When You Import a Course From Canvas Commons It Deletes Your Existing Course! A Rant and a Request

TLeff1er
Community Member

Has anyone had experience with this situation and could give me some advice or background on the problem?

I saw a course on Canvas Commons that I wanted to look at, and my only option was to download/import it. So, I did--and the Commons course completely replaced the existing course I had been working from. What's more: it is not possible to reverse a course import, so I am going to have to recreate my course as best I can from scratch.

There is also no warning in the resource materials (e.g. How do I import and view a Commons resource in Canvas?) telling you that you will lose your existing course if you import a whole course (rather than a smaller import, like a document or module, etc., all of which are simply added to your course).

  1. A warning should be prominently included in the resource materials. 
  2. The proper steps for importing an entire course should be added to the community instructions. For example, I presume this would entail creating a blank course shell in which to place the imported course.
  3. A warning should be included within the Canvas import tool as well! A popup, for example, with a message like, "Confirm that you intend to replace your course with this import" would have been all I needed. (Surely this can be triggered when you click the box to indicate you want to import the whole course?)
  4. Commons participants whose courses cannot be fully previewed without a full download might also consider providing a prominent note of warning. 
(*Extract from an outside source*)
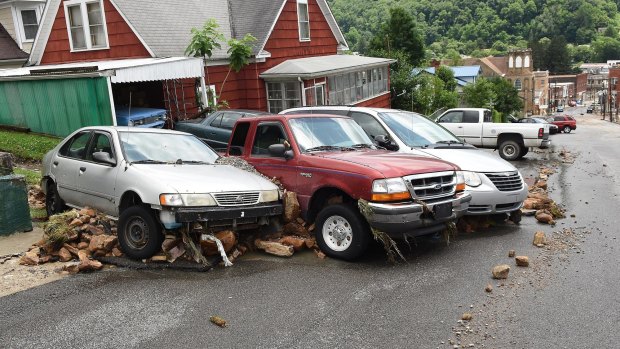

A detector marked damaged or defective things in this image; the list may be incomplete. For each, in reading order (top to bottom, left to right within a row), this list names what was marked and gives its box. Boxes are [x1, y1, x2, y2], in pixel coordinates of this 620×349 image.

damaged car bumper [364, 192, 470, 238]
I'm new to Canvas, and up until now I'd been impressed and pleased with its superior user interface and design to the Blackboard LMS I was used to. However, this problem seems to be a glaringly bad UX/UI gaffe, much the worse because it could be so easily avoided. At least in Blackboard it took a lot more effort to permanently delete a course!
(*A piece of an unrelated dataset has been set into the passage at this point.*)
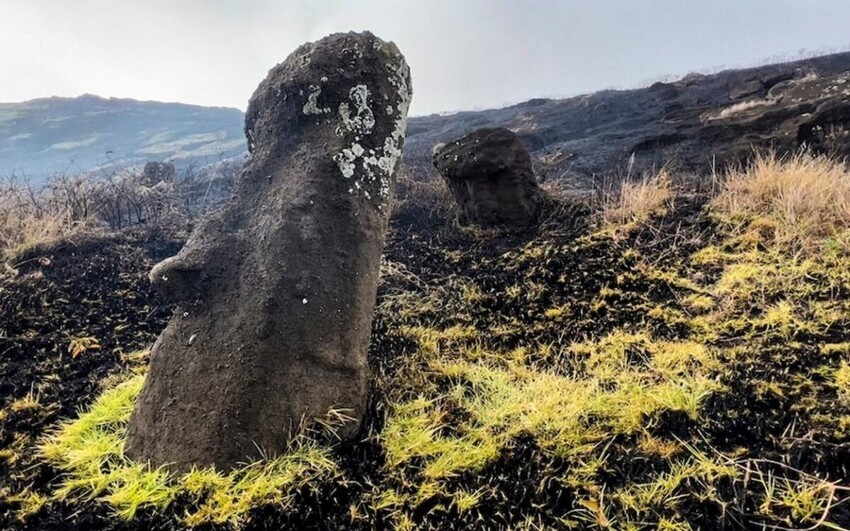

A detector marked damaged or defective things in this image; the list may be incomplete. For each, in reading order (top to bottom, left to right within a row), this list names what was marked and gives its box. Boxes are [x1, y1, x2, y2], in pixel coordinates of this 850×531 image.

damaged moai [125, 32, 410, 474]
damaged moai [430, 130, 544, 230]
If the Canvas import tool functionality cannot be changed to allow recovery of the course that's lost this way, Canvas should at least provide warnings--and there are ample places to include them. That said, I don't understand why a copy of the existing course can't be automatically archived to the course files when another course is imported over it. Even this message box I'm typing in right now auto-saves!

Also, why is there no other option for viewing a course from Commons than to import/download it, compromising the user's existing content? Why is it not part of the download/import program that when an entire course is being imported a separate shell or subfolder is automatically created to house it, rather than automatically overlaying the existing course? I would think that automatically wiping out the existing course requires more sophisticated programming than importing the new course as a file. 

I can't be the first person who's accidentally lost an entire course in Canvas, when it is so easy to overwrite one by mistake.

What a bummer. I guess my Canvas honeymoon is over.

Does anyone know of a solution or remedy? Thank you for your time.